Gohil Shrey, Majd Zahra, Sheneman Jared C, Abughosh Susan M
Department of Pharmaceutical Health Outcomes and Policy, University of Houston, College of Pharmacy, Houston, TX, USA.
University of Houston, College of Pharmacy, Houston, TX, USA.
Patient Educ Couns. 2022 Jul;105(7):1731-1742. doi: 10.1016/j.pec.2021.10.017. Epub 2021 Oct 15.
To summarize existing literature examining interventions to enhance medication adherence and their effectiveness in enhancing care for inflammatory bowel disease (IBD) patients.
This review was performed according to the Preferred Reporting Items for Systematic Reviews and Meta-Analysis (PRISMA) statement. PubMed and Embase were searched for studies from June 2014 to Dec 2020. Only the studies published in English were included.

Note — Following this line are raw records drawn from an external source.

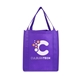 Saturn Jumbo Non - Woven Grocery Tote Bag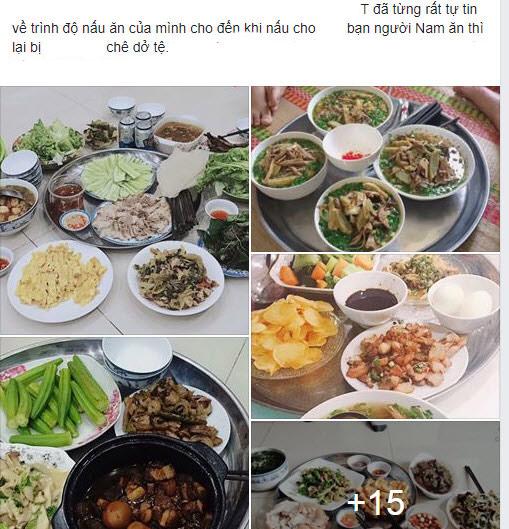 co gai ha noi vao sai gon nau toan mon thinh soan, ai an cung che vi ly do nay - 1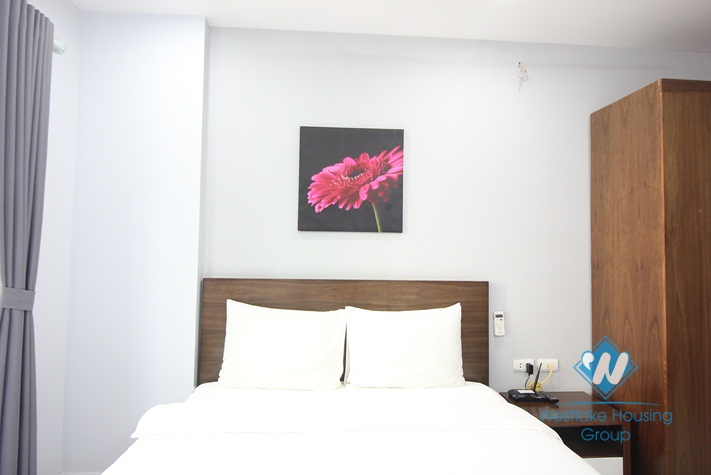 A beautiful, bright studio for rent in My Dinh, Nam Tu Liem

Our systematic literature search identified 488 published articles. Seventeen studies with a total of 7073 patients were included. Out of seventeen different interventions, five were classified as educational, eight as multicomponent, three as behavioral and one as cognitive behavioral. Adherence was measured using patient self-report, administrative/pharmacy claims data, and electronic monitoring devices/pill dispensing systems. Twelve out of seventeen interventions showed a statistically significant improvement in medication adherence including three educational, seven multicomponent, one behavioral and one cognitive behavioral intervention.
Multicomponent interventions demonstrated the greatest success in IBD patients in promoting medication adherence. Future research should focus on a multidisciplinary approach to design multicomponent interventions to optimize treatment adherence and enhance long-term clinical outcomes.
While stand-alone strategies have demonstrated effectiveness in improving adherence, better outcomes may be achieved by combining multiple strategies.
总结现有关于增强药物依从性干预措施及其在改善炎症性肠病(IBD)患者护理方面有效性的文献。
本综述按照系统评价和Meta分析的首选报告项目(PRISMA)声明进行。检索了PubMed和Embase数据库中2014年6月至2020年12月的研究。仅纳入以英文发表的研究。
我们的系统文献检索共识别出488篇已发表文章。纳入了17项研究,共7073例患者。在17种不同的干预措施中,5种归类为教育类,8种为多组分类,3种为行为类,1种为认知行为类。使用患者自我报告、行政/药房报销数据以及电子监测设备/药丸分发系统来衡量依从性。17种干预措施中有12种在药物依从性方面显示出统计学上的显著改善,包括3种教育类、7种多组分类、1种行为类和1种认知行为类干预措施。
多组分干预措施在促进IBD患者药物依从性方面取得了最大成功。未来的研究应侧重于采用多学科方法设计多组分干预措施,以优化治疗依从性并改善长期临床结局。
虽然单一策略已证明在提高依从性方面有效,但通过组合多种策略可能会取得更好的效果。